General Terms: Algorithms

Keywords: Brain network, Alzheimer’s disease, neuroimaging, FDG-PET, Bayesian network, sparse learning

1. INTRODUCTION

Alzheimer’s disease (AD) is the most common cause of dementia and the fifth leading cause of death in people over 65 in the US. The current annual cost of AD care in the U.S. is more than $100 billion, which will continue to grow fast. The existing knowledge about the cause of AD is very limited. Clinical diagnosis is imprecise with a definite diagnosis only possible by autopsy. Also, there is currently no cure for AD, while most drugs only modestly alleviate symptoms. To tackle these challenging issues in AD studies, fast advancing neuroimaging techniques hold great promise. Recent studies have shown that neuroimaging can provide sensitive and reliable measures of AD onset and progression, which can complement the conventional clinical-based assessments and cognitive measures.

In neuroimaging-based AD research, one important area is brain connectivity modeling, i.e., identification of how different brain regions interact to produce a cognitive function in AD, compared with normal aging. Research in this area can substantially promote AD knowledge discovery and identification of novel connectivity-based AD biomarkers to be used in clinical practice. There are two types of connectivity being studied: functional connectivity refers to the covarying pattern of different brain regions; effective connectivity refers to the directional relationship between regions [1].
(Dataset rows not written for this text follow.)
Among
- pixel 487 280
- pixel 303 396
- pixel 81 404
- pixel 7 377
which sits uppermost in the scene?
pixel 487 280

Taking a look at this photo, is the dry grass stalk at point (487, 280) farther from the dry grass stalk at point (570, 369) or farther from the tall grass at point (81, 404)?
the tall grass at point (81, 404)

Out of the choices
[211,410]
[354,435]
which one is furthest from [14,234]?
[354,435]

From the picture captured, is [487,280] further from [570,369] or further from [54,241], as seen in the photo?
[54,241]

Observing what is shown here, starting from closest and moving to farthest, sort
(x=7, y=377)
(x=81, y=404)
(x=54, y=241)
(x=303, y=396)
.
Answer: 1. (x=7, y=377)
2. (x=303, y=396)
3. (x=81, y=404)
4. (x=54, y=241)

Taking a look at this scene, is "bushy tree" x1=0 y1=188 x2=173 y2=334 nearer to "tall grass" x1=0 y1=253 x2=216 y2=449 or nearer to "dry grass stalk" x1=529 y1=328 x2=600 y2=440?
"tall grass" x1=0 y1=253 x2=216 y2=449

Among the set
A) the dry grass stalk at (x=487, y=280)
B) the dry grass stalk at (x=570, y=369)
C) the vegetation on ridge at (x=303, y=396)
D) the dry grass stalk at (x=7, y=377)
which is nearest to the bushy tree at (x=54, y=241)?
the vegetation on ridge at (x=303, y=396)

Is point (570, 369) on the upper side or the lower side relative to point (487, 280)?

A vast majority of the existing research focuses on functional connectivity modeling. Various methods have been adopted such as correlation analysis [2], Principal Component Analysis (PCA) [3], PCA-based Scaled Subprofile Model [4], Independent Component Analysis [5], and Partial Least Squares [6]. Recently, sparse models have also been introduced, such as sparse multivariate or vector autoregressions [7] and sparse inverse covariance estimation [8]. Sparse models have shown great effectiveness because neuroimaging datasets are featured by "small n large p", i.e., the number of AD patients (n) can be close to or less than the number of brain regions modeled (p). Also, many past studies based on anatomical brain databases have shown that the true brain network is indeed sparse [9].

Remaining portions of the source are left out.